A rapid intervention through humanitarian aid in the early phases of displacement can also act as a mitigating measure even when it cannot prevent displacement from taking place. It can help ensure safer or more viable camp sites and avoid secondary movements further afield to larger urban areas or more inaccessible areas which might prejudice chances of return to places of origin. When assistance is provided too late into the displacement process, it can mean that IDP communities have already dispersed, are difficult to access and can no longer act together to advocate for their rights or conditions for return.

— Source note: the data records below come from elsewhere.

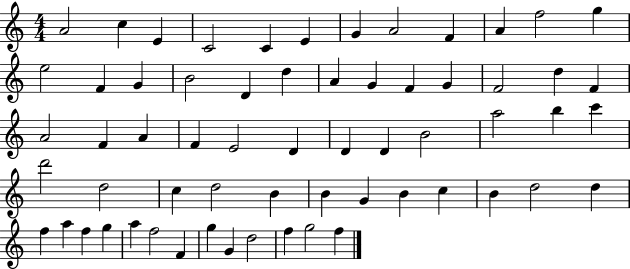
{
  \clef treble
  \numericTimeSignature
  \time 4/4
  \key c \major
  a'2 c''4 e'4 | c'2 c'4 e'4 | g'4 a'2 f'4 | a'4 f''2 g''4 | \break e''2 f'4 g'4 | b'2 d'4 d''4 | a'4 g'4 f'4 g'4 | f'2 d''4 f'4 | \break a'2 f'4 a'4 | f'4 e'2 d'4 | d'4 d'4 b'2 | a''2 b''4 c'''4 | \break d'''2 d''2 | c''4 d''2 b'4 | b'4 g'4 b'4 c''4 | b'4 d''2 d''4 | \break f''4 a''4 f''4 g''4 | a''4 f''2 f'4 | g''4 g'4 d''2 | f''4 g''2 f''4 | \break \bar "|."
}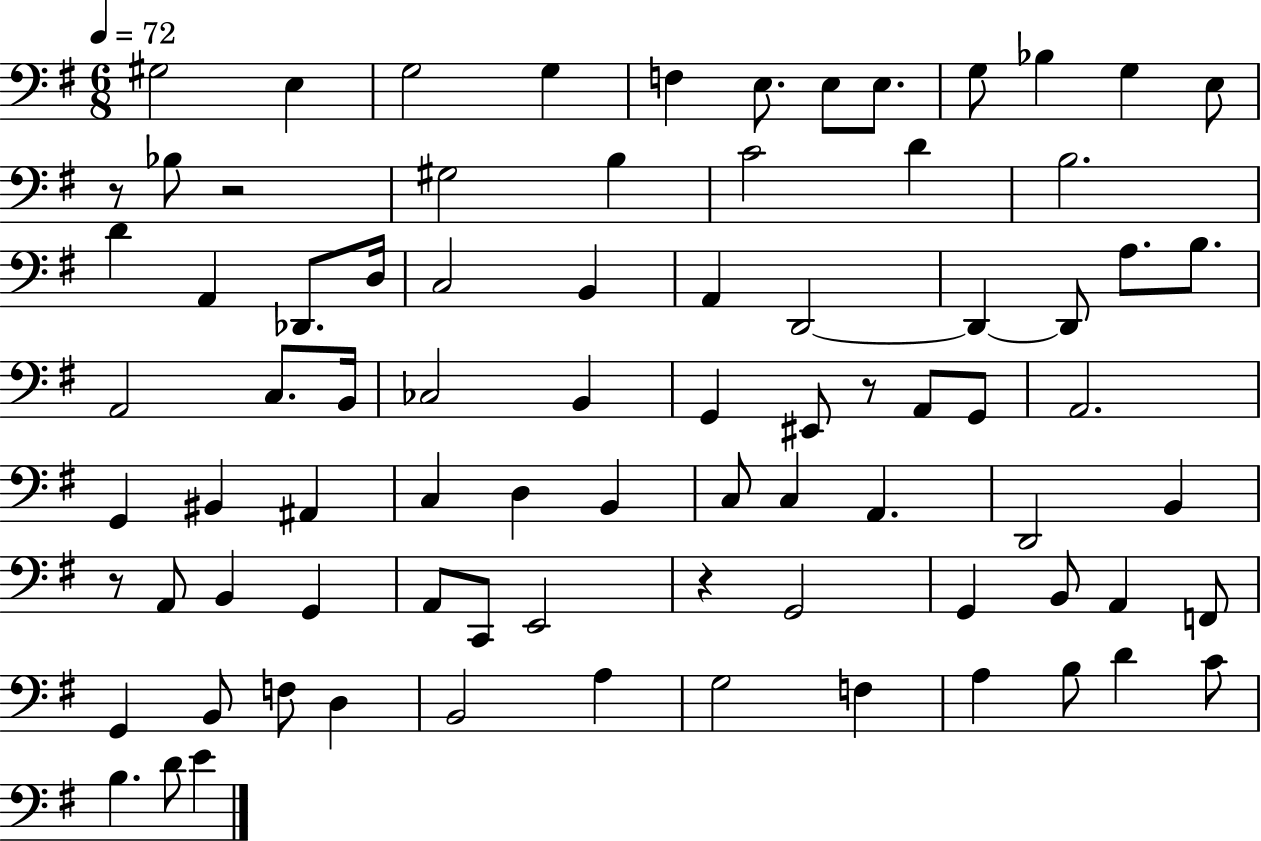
G#3/h E3/q G3/h G3/q F3/q E3/e. E3/e E3/e. G3/e Bb3/q G3/q E3/e R/e Bb3/e R/h G#3/h B3/q C4/h D4/q B3/h. D4/q A2/q Db2/e. D3/s C3/h B2/q A2/q D2/h D2/q D2/e A3/e. B3/e. A2/h C3/e. B2/s CES3/h B2/q G2/q EIS2/e R/e A2/e G2/e A2/h. G2/q BIS2/q A#2/q C3/q D3/q B2/q C3/e C3/q A2/q. D2/h B2/q R/e A2/e B2/q G2/q A2/e C2/e E2/h R/q G2/h G2/q B2/e A2/q F2/e G2/q B2/e F3/e D3/q B2/h A3/q G3/h F3/q A3/q B3/e D4/q C4/e B3/q. D4/e E4/q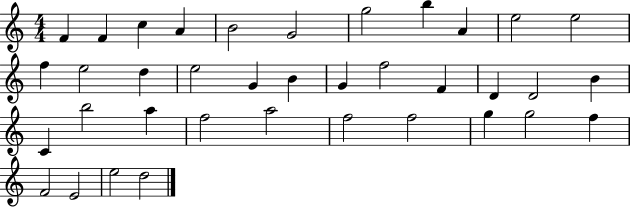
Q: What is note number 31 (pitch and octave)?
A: G5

A rapid presence through humanitarian assistance can provide timely opportunities as well, including to: negotiate rules for co-existence early on; appease tensions with host or neighbouring communities; and help preserve a vigorous and healthy community by ensuring that its stronger members or leadership do not have to leave in search of basic necessities – but can instead contribute to more energetic community-based solutions and initiatives.
At the same time, care has to be taken to ensure that an international presence through assistance activities does not inadvertently prolong the displacement or render it permanent. For this reason, the planning of food distribution in contested areas should be done carefully and with the participation of local leaders. Food can attract attacks by rebels, while situating food distribution points too far from villages can create permanent displacement as populations may be too weak to make the trip back to their village on a daily basis, opting instead to remain near the distribution area.
Similarly, maintaining assistance infrastructure – such as camp structures, medical tents and food distribution points – for too long can extend or consolidate displacement by encouraging affected populations to remain where essential services are available. Cutting assistance, however, may result in premature returns to unsustainable and unsafe conditions, or in secondary displacements. This underscores the importance of carefully coordinating humanitarian relief around areas of displacement on the one hand, and early recovery, development and livelihood programmes in areas of return, on the other.
Providing a legal framework and impetus to these protection activities, the Guiding Principles on Internal Displacement are an important tool around which we can work with national governments (e.g. national human rights institutions, the judiciary, police forces, the military) as well as domestic civil society and affected communities to raise awareness of the rights of IDPs and strengthen systems to protect them.
It is short-sighted to define protection only or primarily in relation to measures we can take once displacement has happened. IDP protection work should be also about protection from displacement. Displacement is a symptom which is often connected to the key drivers of conflict – disregard for humanitarian law and human rights, poverty and marginalisation.
Initiatives seeking to create conditions which protect both the rights of returning populations and the civilian population more generally, such as investments in the rule of law, governance structures and sustainable livelihoods, should be part of a broader IDP protection strategy.